* _EXERCISE OBJECTIVE_
Give back exactly the lines of the material below, starting with the line with "2026 Women of Distinction Nomination" and going on through the line with "3 Pcs Men's Dri Fit Printed T-shirt".
*** SUPPLIED DATA Section Begins ***
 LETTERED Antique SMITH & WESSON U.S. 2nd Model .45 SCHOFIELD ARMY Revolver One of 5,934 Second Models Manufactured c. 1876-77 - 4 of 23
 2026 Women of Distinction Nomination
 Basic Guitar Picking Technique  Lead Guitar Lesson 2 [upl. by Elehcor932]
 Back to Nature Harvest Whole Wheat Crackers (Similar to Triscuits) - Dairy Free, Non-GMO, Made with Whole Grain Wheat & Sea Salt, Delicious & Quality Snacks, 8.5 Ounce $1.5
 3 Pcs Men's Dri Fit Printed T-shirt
*** SUPPLIED DATA Section Ends ***
*** SUPPLIED DATA Section Begins ***
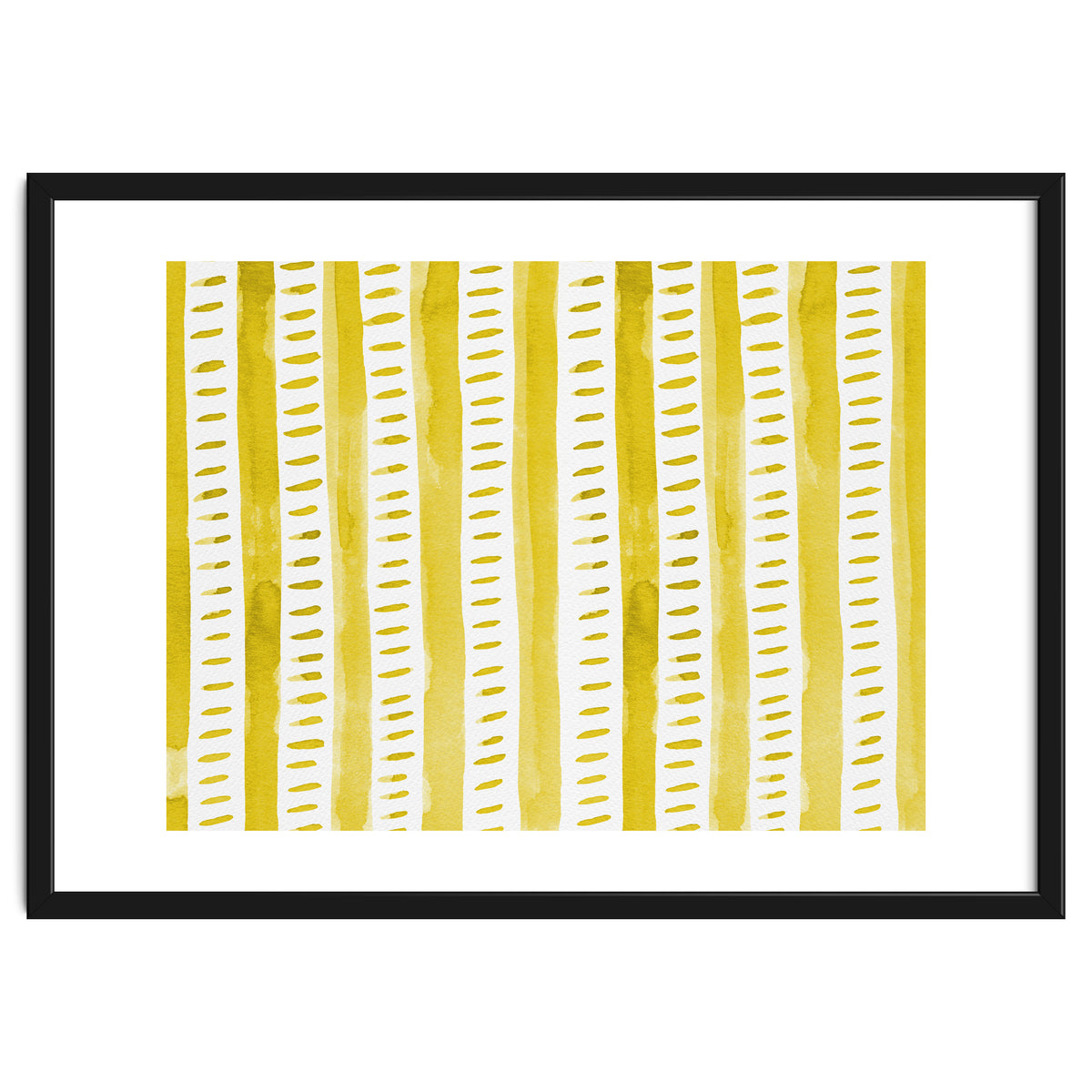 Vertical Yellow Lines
*** SUPPLIED DATA Section Ends ***
* _OUTPUT BELOW_
 2026 Women of Distinction Nomination
 Basic Guitar Picking Technique  Lead Guitar Lesson 2 [upl. by Elehcor932]
 Back to Nature Harvest Whole Wheat Crackers (Similar to Triscuits) - Dairy Free, Non-GMO, Made with Whole Grain Wheat & Sea Salt, Delicious & Quality Snacks, 8.5 Ounce $1.5
 3 Pcs Men's Dri Fit Printed T-shirt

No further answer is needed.